Behind the scenes at the DNC


Despite new lobbying laws, conventions are still nothing but a three-ring circus.


By Ben Whitford


Photo by Eric Mack

This week’s Democratic convention is a carefully choreographed media event: Everything from the balloons and banners to the speeches and celebrity endorsements have been carefully calibrated to play well on an endless loop on cable news. What you won’t see on TV, though, are the behind-the-scenes shenanigans: glitzy lobbyist-funded parties that give industry groups a chance to buy and bank goodwill for the four years ahead.

According to a new report (pdf) by Public Citizen, this year’s party conventions will see lobbyists and corporate donors blow $112 million staging more than 400 parties for lawmakers and their aides. Conveniently, the exact accounts won’t be available until two months after the conventions, right around polling day; still, early reports indicate that energy and extractive-industry groups will be spending big bucks to buy influence over the next two weeks.

A sampler: Utility provider and nuclear-plant operator Xcel Energy will be “sponsoring” the Republican and Democratic conventions to the tune of $1 million apiece; oil giant ConocoPhillips will spend $375,000 to woo Democrats in Denver; Koch Industries, a sprawling conglomerate with petroleum, energy, and chemical interests, will spend $250,000 to win over Republicans in St Paul.

New lobbying laws were supposed to have put an end to this sort of thing; unfortunately, the rules are riddled with loopholes. Lobbyists are barred from hosting parties in honor of a single lawmaker, so instead they’re doubling up and throwing bashes for two or more members of Congress at a time. Some hosts ask for voluntary contributions before wheeling out the DJs in order to get around rules prohibiting free entertainment; others are ducking rules barring anything but finger food with new feats of culinary creativity, sticking toothpicks in hamburgers to transform them into “sliders” or serving colossal canapes on specially designed super-sized spoons.

Other groups are sidestepping ethics rules altogether. Instead of hosting parties, the American Coalition for Clean Coal Electricity has spent $2 million buying up advertising space all over Denver to promote the virtues of “clean coal”. The group, loathed by many environmentalists, is also flooding the area around the convention center with “experiential advertising," putting people on street corners to buttonhole convention attendees and hand out maps of Denver along with literature touting the benefits of coal.
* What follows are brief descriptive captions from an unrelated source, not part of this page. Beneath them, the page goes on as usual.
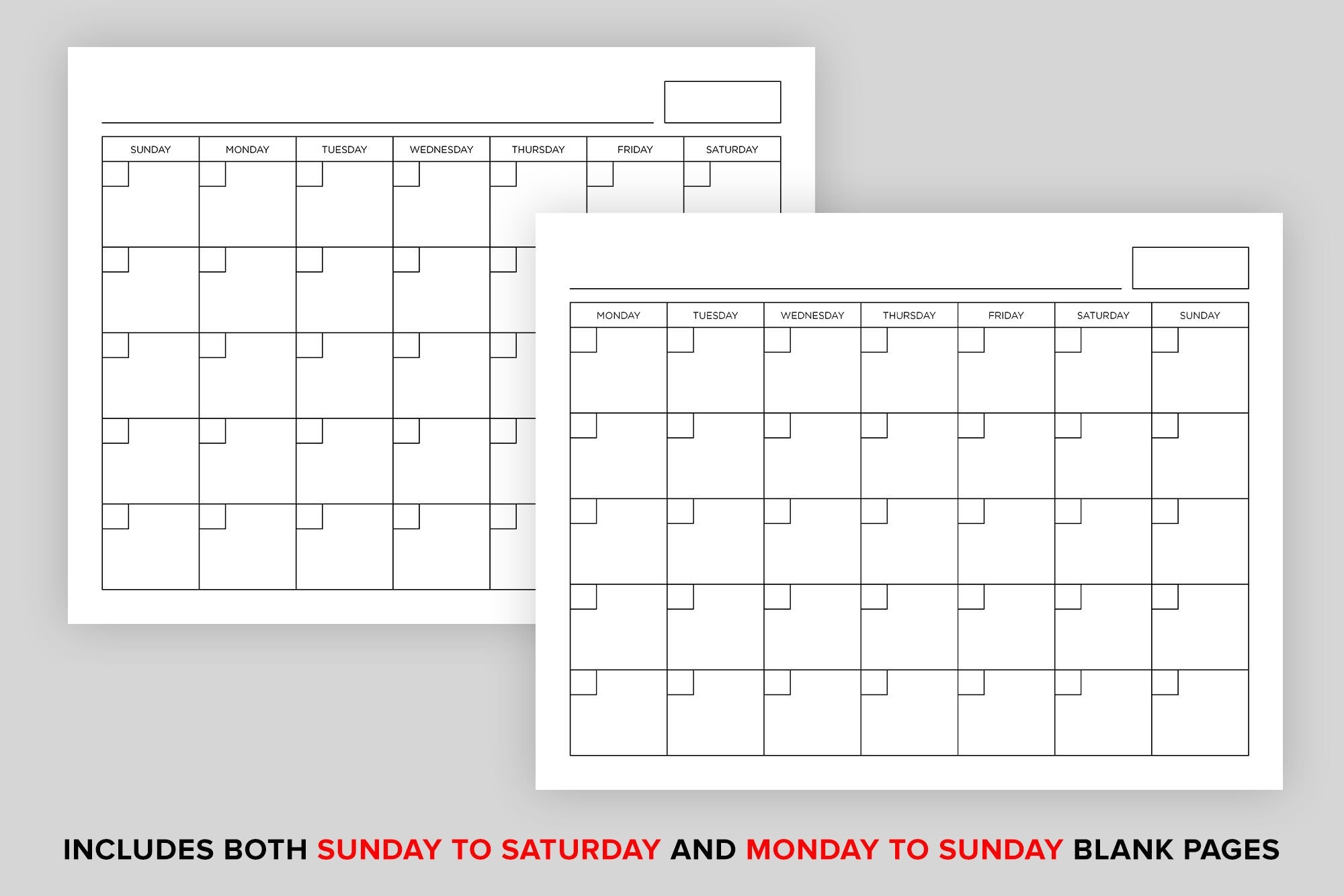 8.5 X 11 Inch Blank Calendar Page Template By Running With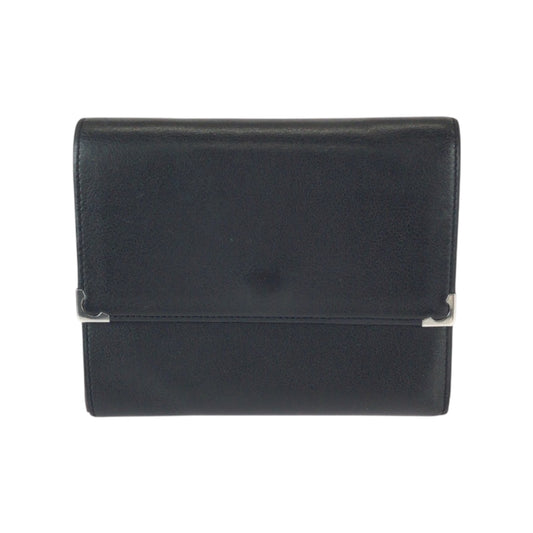 22125
CARTIER カルティエ マストライン ブラック 黒 シルバー金具 レザー 折財布 コンパクトウォレット 男女兼用 レディース ABP21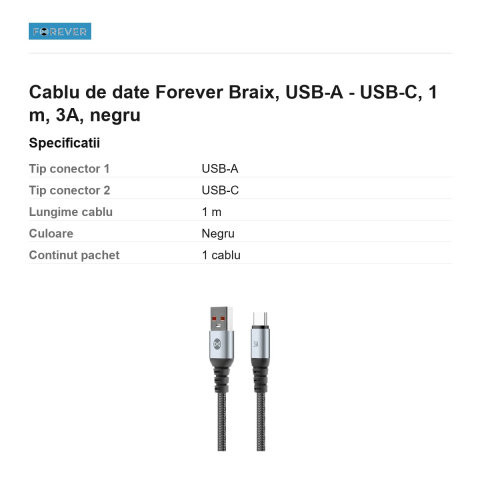 Cablu de date Forever Braix, USB-A - USB-C, 1 m, 3A, negru [2]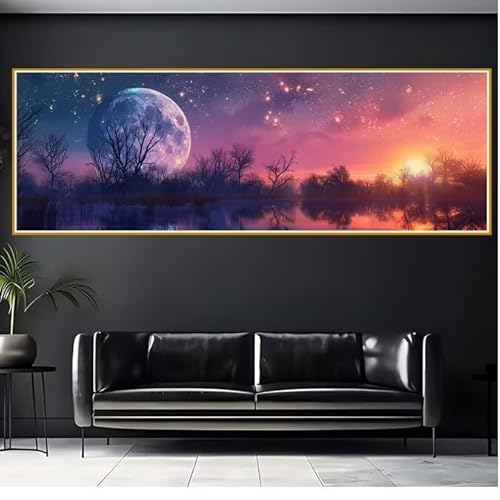 5D Diamond Painting Erwachsene Groß XXL 100x300cm Mond Diamant Painting Bilder Sternenhimmel Diamond Painting Zubehör Full DIY Mosaikherstellung, Wanddeko, Geschenke für Frauen, Weihnachten C-0 von JIANFREY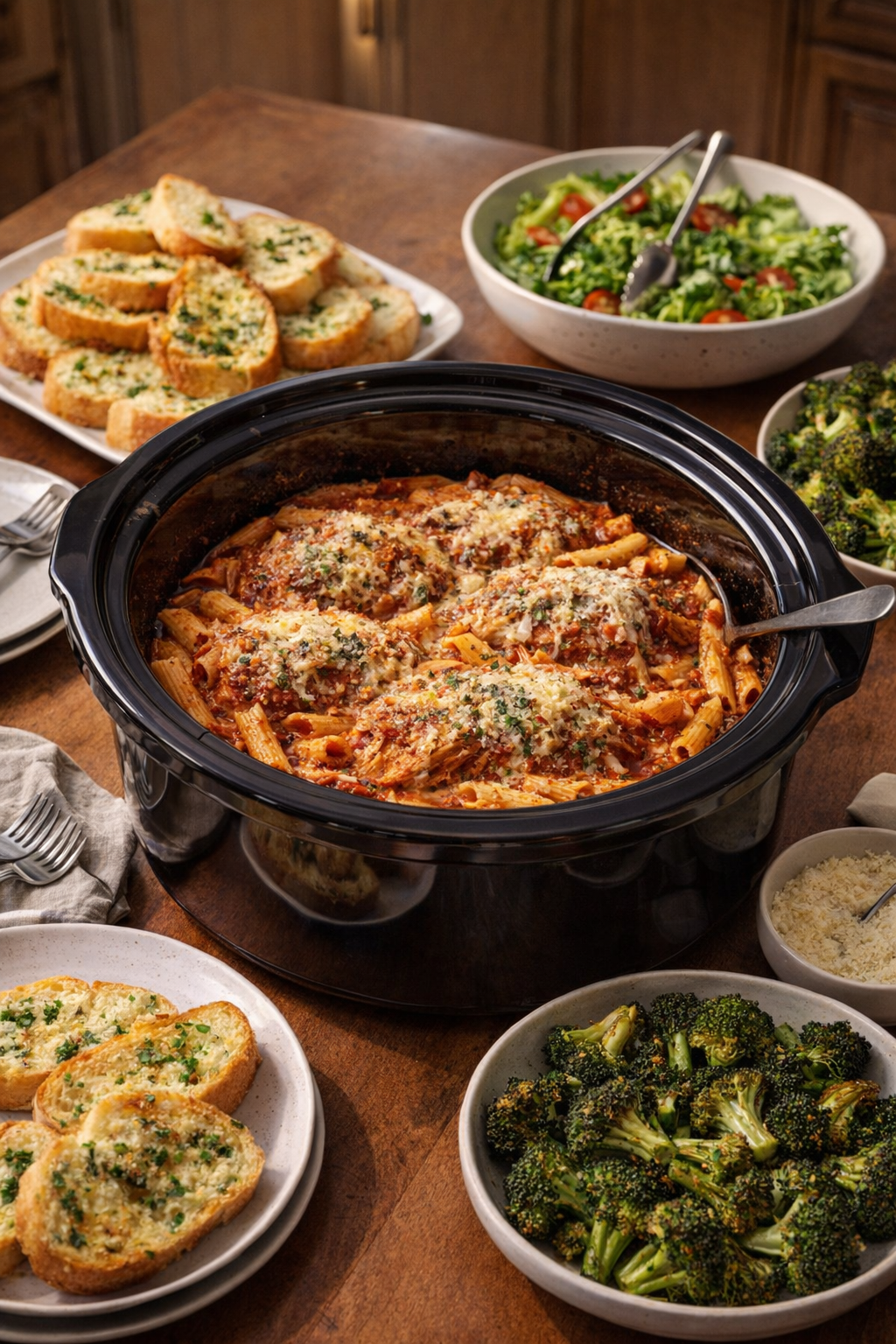 Een uitgebreid diner in familiestijl met kip Parmezaanse pasta.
The bottom line is that the only people who can really clean up the conventions are the parties themselves. Unfortunately, there’s little sign of that happening. Until a media uproar shamed them into changing tack, the GOP was happily auctioning off rounds of golf with party leaders for $2.5 million a pop. Barack Obama, meanwhile, says he was nominated too late to clean up this year’s convention, although he’s promised to do better if he finds himself running for reelection four years from now.

This year, though, greens simply don’t have the greenbacks to compete with the Olympic-class schmoozing on display at the conventions. And inevitably, once lawmakers head back to Washington, they’ll be far more likely to give their time and attention to those generous, fun-to-know industrial lobbyists than to the broke but well-meaning environmental campaigners hanging around outside the convention hall.